Regime fechado e 24 contribuições
Na regra aplicável aos recolhimentos posteriores a 18 de janeiro de 2019, o segurado deve estar em regime fechado e conservar qualidade de segurado na data da prisão. Também se exige carência de 24 contribuições; para segurado especial, são 24 meses de exercício de atividade. Casos cujo recolhimento começou antes da mudança precisam ser examinados pela lei vigente naquela data, pois a regra atual não deve ser aplicada retroativamente para apagar situação já formada. Regime aberto ou progressão incompatível encerram o pressuposto atual.
Baixa renda é média contributiva, não renda da família
Para medir a baixa renda, calcula-se a média contributiva no intervalo de doze meses que precede o mês do recolhimento à prisão. Para fatos a partir de 1º de janeiro de 2026, a tabela oficial fixa o teto em R$ 1.980,38. Se não houver salário de contribuição nesse período, mas a qualidade de segurado estiver mantida, a orientação oficial considera o segurado de baixa renda. Décimo terceiro e um terço de férias não entram nesse cálculo. Por isso, olhar apenas o último salário ou somar a renda dos dependentes produz resposta errada.
Dependentes, impedimentos e documentos
As classes seguem a lógica da pensão por morte: cônjuge ou companheiro e filhos na primeira; pais na segunda; irmãos na terceira, com prova econômica nas classes posteriores. Além da declaração de cárcere, o processo precisa comprovar vínculo e histórico previdenciário.

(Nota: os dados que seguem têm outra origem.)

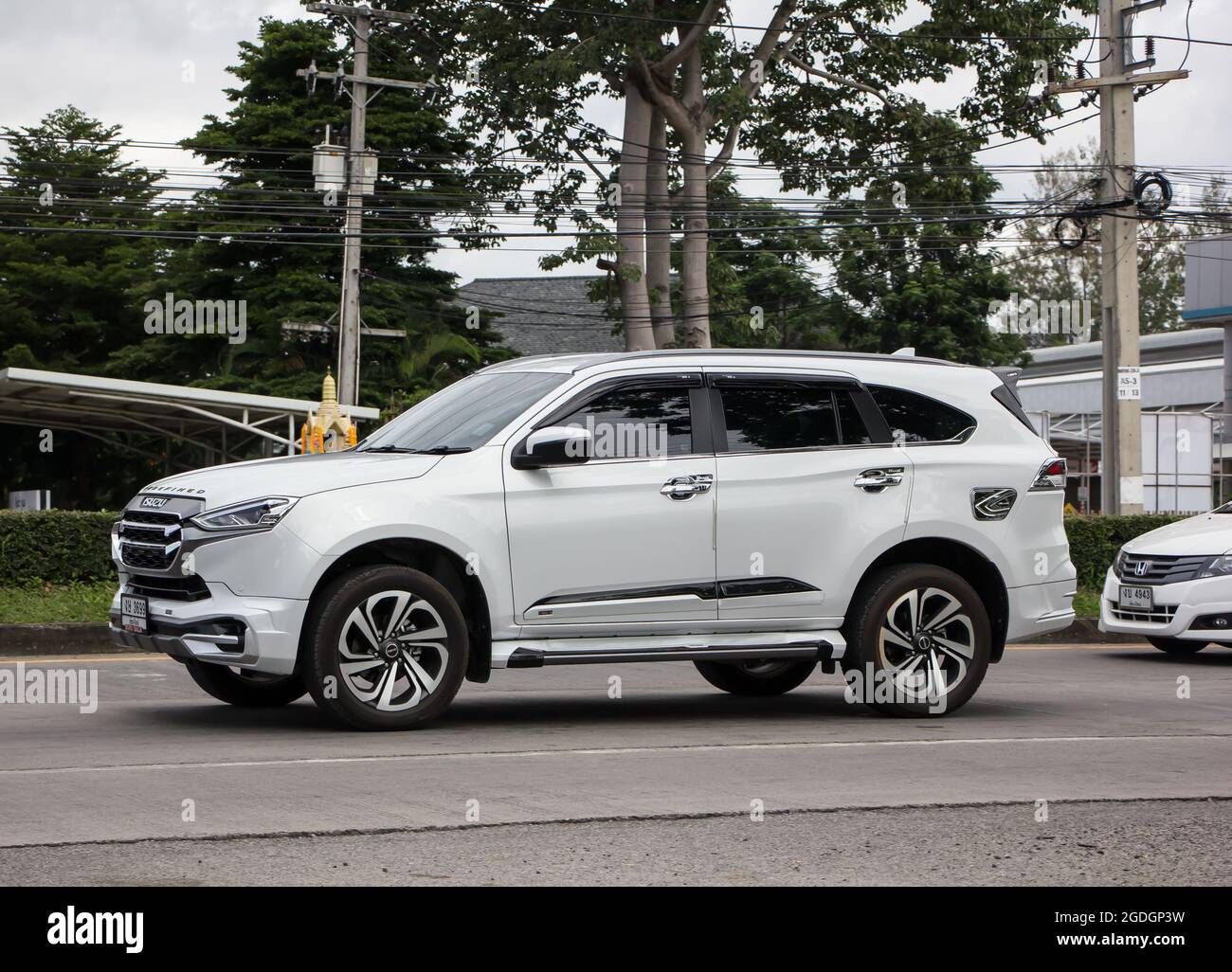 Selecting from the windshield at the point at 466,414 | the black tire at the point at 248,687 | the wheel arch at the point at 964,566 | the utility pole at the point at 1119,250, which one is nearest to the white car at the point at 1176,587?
the wheel arch at the point at 964,566

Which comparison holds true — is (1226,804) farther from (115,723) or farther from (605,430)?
(115,723)

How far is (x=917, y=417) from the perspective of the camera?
9516 millimetres

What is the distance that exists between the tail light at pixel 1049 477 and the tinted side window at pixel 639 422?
2179 millimetres

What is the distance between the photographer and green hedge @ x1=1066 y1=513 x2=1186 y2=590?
19.5m

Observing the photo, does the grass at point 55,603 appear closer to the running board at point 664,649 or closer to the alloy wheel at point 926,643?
the running board at point 664,649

O auxílio não é devido enquanto o segurado recebe remuneração da empresa ou benefícios incompatíveis previstos na lei.
- Declaração ou certidão do efetivo recolhimento
- Identificação dos dependentes
- Prova do casamento, união, filiação ou dependência econômica
- CNIS, CTPS, carnês ou prova rural para qualidade e carência
- Elementos dos salários de contribuição usados na média
Declaração trimestral e mudança da situação prisional
A unidade prisional deve emitir nova declaração de cárcere a cada três meses. A falta do documento suspende o pagamento, mesmo que a reclusão continue. Soltura, fuga, liberdade condicional ou passagem a regime aberto devem ser comunicadas imediatamente para evitar valores indevidos. Para preservar o pagamento desde o recolhimento, o filho menor de 16 anos tem 180 dias e os demais dependentes têm 90 dias; depois do prazo correspondente, o início financeiro passa, em regra, à data do requerimento. Uma prisão posterior exige novo pedido, inclusive após fuga e recaptura.
Perguntas frequentes
A renda dos dependentes entra no teto de baixa renda?
O parâmetro é a média contributiva do segurado preso no período de doze meses anterior ao recolhimento, e não a soma da renda familiar.
Qual é o limite em 2026?
Para fatos a partir de 1º de janeiro de 2026, a média deve ser igual ou inferior a R$ 1.980,38, conforme a tabela oficial atualizada pelo INSS.
O prazo para receber desde a prisão é sempre de 90 dias?
Não. O filho menor de 16 anos tem 180 dias; para os demais dependentes, o prazo é de 90 dias. Depois, o benefício tende a começar no requerimento.